映像媒体を前に、ビジネスコミュニケーションを図る様子を描いたイメージイラスト

こんにちは、映像プロデューサーの金井です。私は企業のサービスやブランド紹介映像、イベント用映像、YouTubeコンテンツなど、さまざまなシチュエーションで利用される映像コンテンツの制作を手掛けています。

今回は事例を交えながら、デザイン会社であるコンセントの映像制作における基本的な考え方と、それを踏まえることでより映像をビジネスの中で活用できる可能性についてお話しします。

広告や販促プロモーションにとどまらない映像の可能性

近年の消費行動は「モノ」から「コト」へと、価値基準のシフトが進みました。モノ(商品)が充足したことでモノ単体の機能性はコモディティ化し、例えばシェアリングエコノミーやサブスクリプションなど、コト(仕組み・体験)を重視したビジネスモデルも定着しています。ユーザーにサービスを長く使ってもらうための持続的な仕組みを構築したり、ユーザー体験を最良の状態にするために、コンセントはサービスデザインのアプローチを用いた支援を行っています。

サービスデザインの世界的リーダーであるイタリアのデザイン研究者、エツィオ・マンズィーニは、デザインについて著書でこのように語っています。

「デザインとは『実用的な機能(問題解決)』と『意味(意味づけ)』の両方の観点から、ものごとのあり方を批判的に検討し、どのようになってほしいかを思い描き、その実現過程に使えるシステムとツールを身近に得ることだ」

エツィオ・マンズィーニ著.日々の政治 ソーシャルイノベーションをもたらすデザイン文化,ビー・エヌ・エヌ新社,2020,p.86.

この言葉を借りると、映像は「理想像」の実現プロセスに活用できるツールになり得ると考えています。映像は、広告や販促プロモーションの場面だけでなく、戦略と実行とのハブとなり、ビジネスをより活発・潤滑にすることにも活用できる━━そのような期待を抱いています。

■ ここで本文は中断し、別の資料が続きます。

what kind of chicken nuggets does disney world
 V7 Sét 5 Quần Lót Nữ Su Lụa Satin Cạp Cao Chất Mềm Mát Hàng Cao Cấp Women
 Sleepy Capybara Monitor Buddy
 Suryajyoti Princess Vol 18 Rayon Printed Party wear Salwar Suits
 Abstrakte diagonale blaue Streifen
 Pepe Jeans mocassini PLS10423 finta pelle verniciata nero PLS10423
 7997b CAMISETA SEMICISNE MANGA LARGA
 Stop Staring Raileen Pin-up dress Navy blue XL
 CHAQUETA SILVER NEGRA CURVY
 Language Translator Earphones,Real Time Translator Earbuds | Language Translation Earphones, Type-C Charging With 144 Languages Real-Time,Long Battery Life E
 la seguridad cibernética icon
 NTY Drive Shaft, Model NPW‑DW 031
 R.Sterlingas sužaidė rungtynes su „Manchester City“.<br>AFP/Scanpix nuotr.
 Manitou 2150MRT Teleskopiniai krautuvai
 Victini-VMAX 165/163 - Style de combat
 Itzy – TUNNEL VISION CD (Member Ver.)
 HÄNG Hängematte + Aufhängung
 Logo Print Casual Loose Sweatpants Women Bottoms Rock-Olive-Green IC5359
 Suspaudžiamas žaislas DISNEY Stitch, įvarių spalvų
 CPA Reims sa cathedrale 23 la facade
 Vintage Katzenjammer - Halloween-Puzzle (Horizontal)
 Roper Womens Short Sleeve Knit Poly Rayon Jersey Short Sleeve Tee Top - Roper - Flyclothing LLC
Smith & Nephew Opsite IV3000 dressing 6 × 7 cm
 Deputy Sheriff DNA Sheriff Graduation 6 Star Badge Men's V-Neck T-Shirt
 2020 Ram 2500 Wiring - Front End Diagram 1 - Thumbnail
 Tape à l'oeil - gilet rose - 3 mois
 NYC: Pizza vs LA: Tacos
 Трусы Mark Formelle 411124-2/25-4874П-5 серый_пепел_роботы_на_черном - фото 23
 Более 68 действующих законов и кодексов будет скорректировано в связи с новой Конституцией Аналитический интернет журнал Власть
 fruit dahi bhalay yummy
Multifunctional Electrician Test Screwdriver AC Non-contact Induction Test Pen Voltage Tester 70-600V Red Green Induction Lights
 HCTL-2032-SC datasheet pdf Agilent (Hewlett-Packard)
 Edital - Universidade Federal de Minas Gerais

ここからは実際の事例をもとに、コミュニケーションを活性化し、ユーザーの体験を向上させ、ビジネスを後押しする映像活用を紹介します。

case.1|「形のないもの」を具体的に描く

コンセントが携わるプロジェクトでの映像活用で多いのが、「まだ実現していない事業やサービスを、映像を用いてプロトタイプしたい」という要望です。

例えば、事業開発初期に社会のニーズを探索している段階においては、ユーザーに「あるべき姿」を仮説として提示し、実際の反応を得て、さらに磨き込む、というサイクルが大切です。そのサイクルで、ユーザーの誰もがあるべき姿を明確にイメージでき、かつ「五感に訴えかける」「臨場感のある」具体的なアウトプットとして提供できるのが、映像の利点です。

事例|「SiFFT-TDM®(シフト・ティディエム)」コンセプト映像(NTTデータ)

NTTデータ様の「SiFFT-TDM®」は、さまざまなデータを用いて地域の交通課題を可視化し、最適な施策を導き出すことができるサービスです。コンセントがプロジェクトに参画した時点ではサービスの有用性を検討する段階だったので、本格的な普及を目指すべく、顧客となる地方自治体への営業ツールとして映像を制作しました。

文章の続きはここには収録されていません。